The world-famous brand's former Cuban cigar remains a highly sought-after collectible
James Suckling
From the Print Edition:
Emeril Lagasse, Sept/Oct 2005

(continued from page 2)

The cigar guru always compared his cigars to the great reds of Bordeaux, emphasizing that his smokes were produced to improve with age. The fact that these cigars are still great after decades of box age underlines that Davidoff's departure from Cuba was never a question of quality. I remember Davidoff looking me straight in the eye and saying that the company had to leave Cuba because it could no longer be assured of the quality of the cigars it was getting. Zino even went on French television in the late 1980s and condemned the Cubans for poor quality. He burned 130,000 cigars in a huge bonfire, claiming that the cigars were unsalable.

However, I don't believe a word of this. It just can't be true in view of all the great Cuban Davidoffs I have smoked. The real story of the departure may be the conflict with Cuba over ownership of the brand, but the story of that dispute varies depending on which side you speak with. But that's business. And the mystery around the end of Davidoff's Cuban production does nothing to explain why the Cuban Davidoff blend was so outstanding.

I once spoke to the former manager of El Laguito factory in Havana about the blend. It was there that Davidoff had his No. 1s and No. 2s made as well as the Ambassadrices. The Cuban said that Davidoff basically followed the blend of Cohiba, but went for a slightly lighter wrapper to make the cigar smoother and more refined.

Who knows for sure what actually went on? In addition to El Laguito, Davidoff Cubans were made in the La Corona and Partagas factories. Some were also made outside of Havana. But the Cubans somehow maintained the blend whether it was a 5,000 or a Chateau Latour. They made about three million sticks per year.

Davidoff's annual production today in the Dominican Republic is three to four times that figure. The company is making some excellent cigars, but it can't emulate the magic it had in Cuba.

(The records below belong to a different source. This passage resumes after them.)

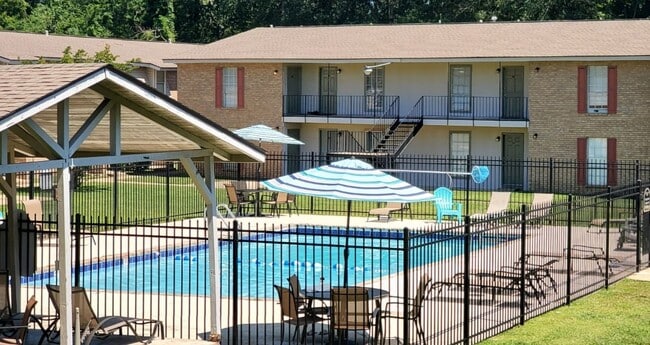 Building Photo - Longleaf Pointe Apartments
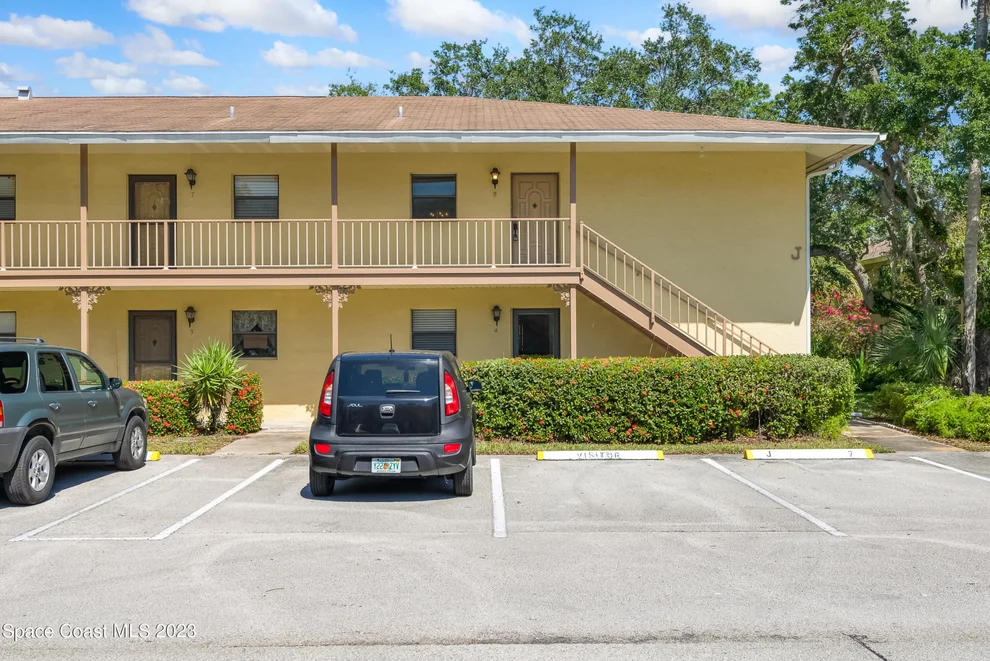 Unit for sale at 400 18th Street, Vero Beach, FL 32960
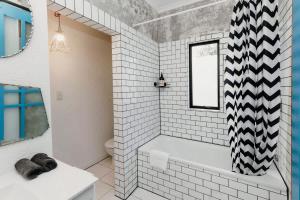 Kupatilo u objektu Fun Times in Fitzroy - eclectic bungalow by beach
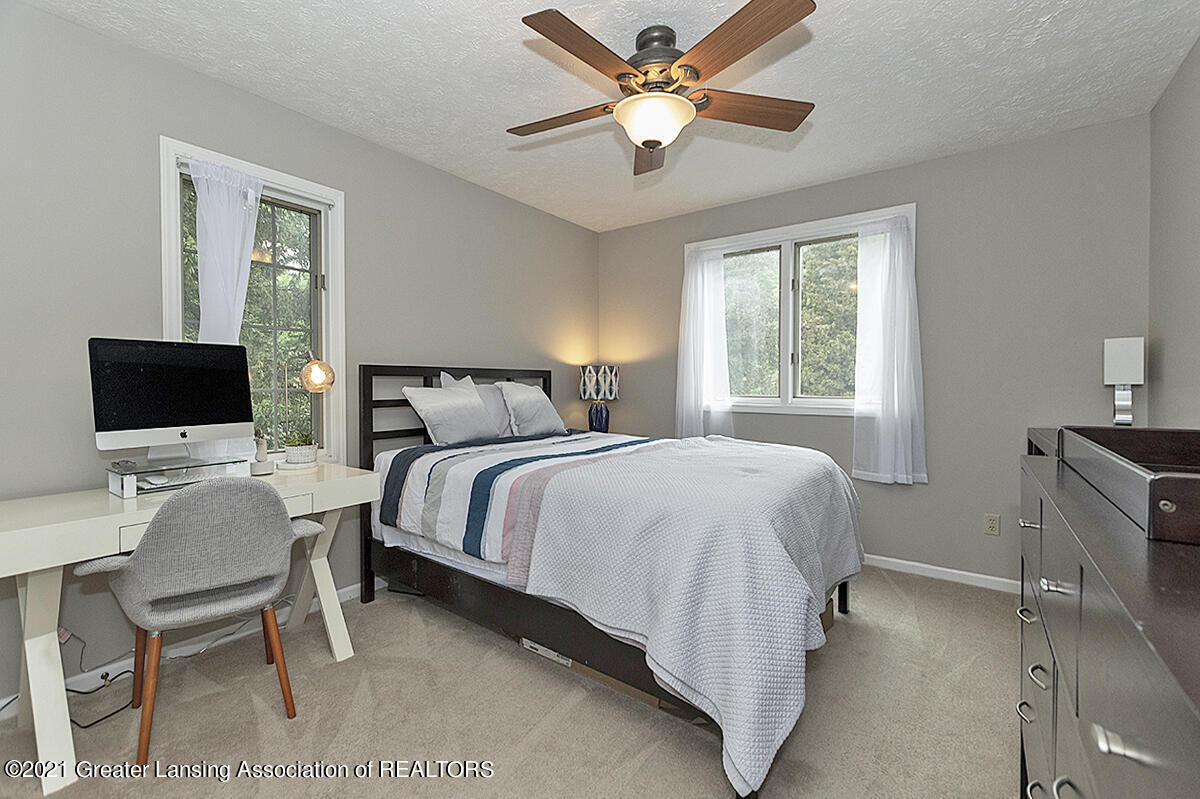 2529 Dustin Road Okemos, MI 48864 - Photo 29 of 43 28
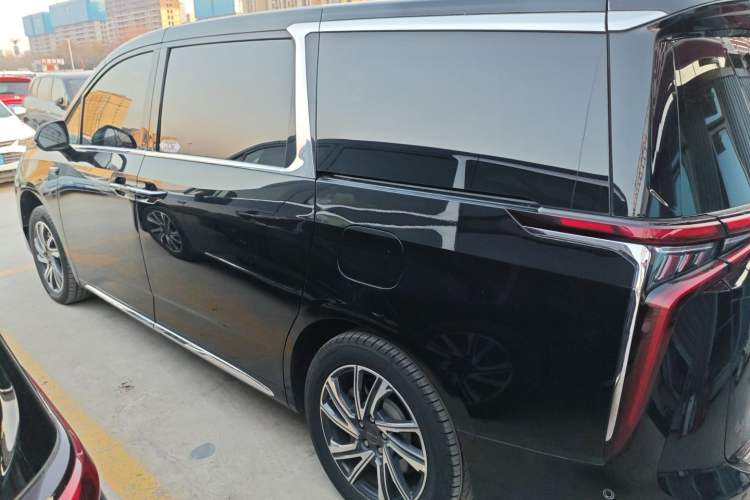 Used SAIC MAXUS G90 2022 2.0T Interstellar Six-Seater Edition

Schneider disagrees, of course. He said that even his sons-in-law were skeptical of the change from Cuba to the Dominican Republic when Davidoff made the move. "They were sure that we couldn't produce something as good or better than the Cubans," he recalled, getting ready to leave the Davidoff cigar shop in London. "But I took them to the Dominican Republic and they smoked the cigars themselves, and it wasn't long before they were convinced otherwise."

Some people may prefer Davidoffs from the Dominican Republic, but that doesn't take away anything from the legendary smokes under the same name that were once produced in Cuba.